The FNAR is a semi-automatic designated marksman rifle first introduced to the shooting public in 2008. It is a product of the US-based subsidiary of Belgian company FN Herstal, the FN Manufacturing Co. Despite the name, the FNAR is not an "AR" type rifle. Rather, the FNAR rifle is based on the proven and quite popular Browning BAR hunting rifle (which is unrelated to the original Browning BAR M1918 rifle of World War II fame).

==Overview==

short-stroke gas piston

The FN FNAR is a gas-operated semi-automatic rifle. The short-stroke gas piston is located below the (internally chromed) barrel, within the stock. The barrel is locked using a rotary bolt with multiple lugs. The receiver is machined from aircraft-grade 7075 T6 aluminum alloy. The polymer stock has an adjustable buttstock and pistol grip. Ammunition is fed from a detachable box magazine, with a standard capacity of 20 rounds of 7.62 mm ammunition, although 5 and 10 round magazines are available if required by local legislation. There are no iron sights installed by default; each FNAR rifle is fitted with a Picatinny rail on the top of the receiver, and three more short rails are installed at the front of the rifle stock.

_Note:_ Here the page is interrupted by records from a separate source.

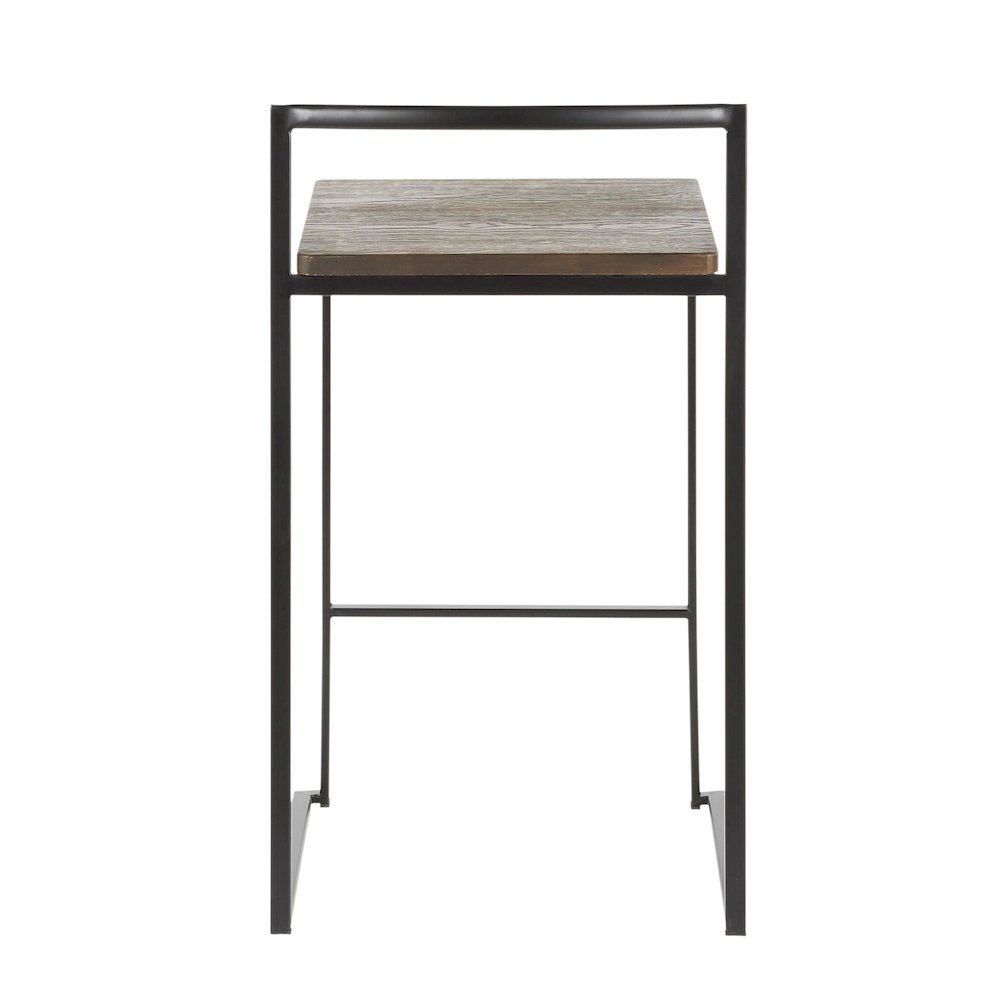 Fuji Stacker 26" Fixed-Height Counter Stool - Set of 3 in Black Metal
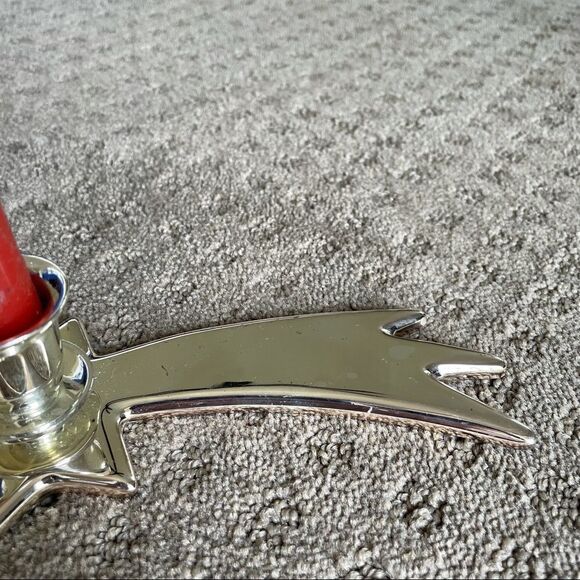 Silver Plated Christmas Star Candle Holder with Felt Protection - Picture 2 of 10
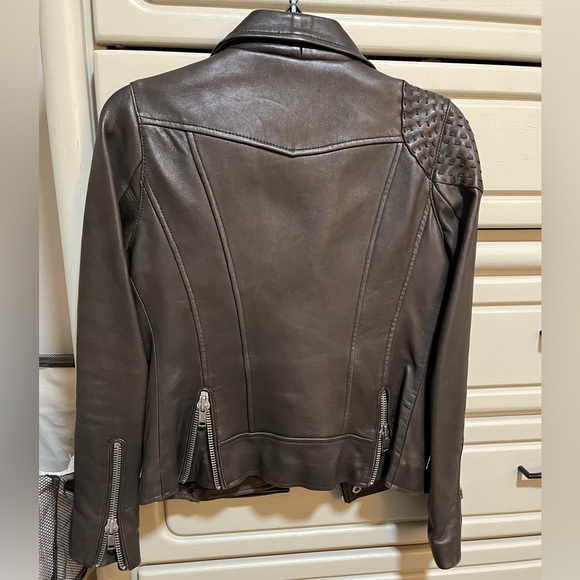 Chocolate brown Maje lambskin leather structured moto jacket - Picture 2 of 5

The FNAR uses a two-stage non-adjustable trigger specified at between 3.25 and 5.5 pounds.

==Variants==
The standard FN FNAR has a light fluted barrel. The heavy barreled FN FNAR-H variant weighs about a pound more. Both are out-of-the-box guaranteed to be capable of Minute of Angle accuracy. A Winchester-branded version is called the Winchester SX-AR. The standard model retains the pistol grip and comes with a heavy profile 20" match grade chrome lined barrel. Rails are a reduced length top rail for optics mounting and one short bottom rail section for sling or bi-pod mounting. It is finished in a Cerakote type Mossy Oak camo pattern. The standard 10 round SX-AR detachable box magazines are interchangeable with the 20 round FNAR magazines.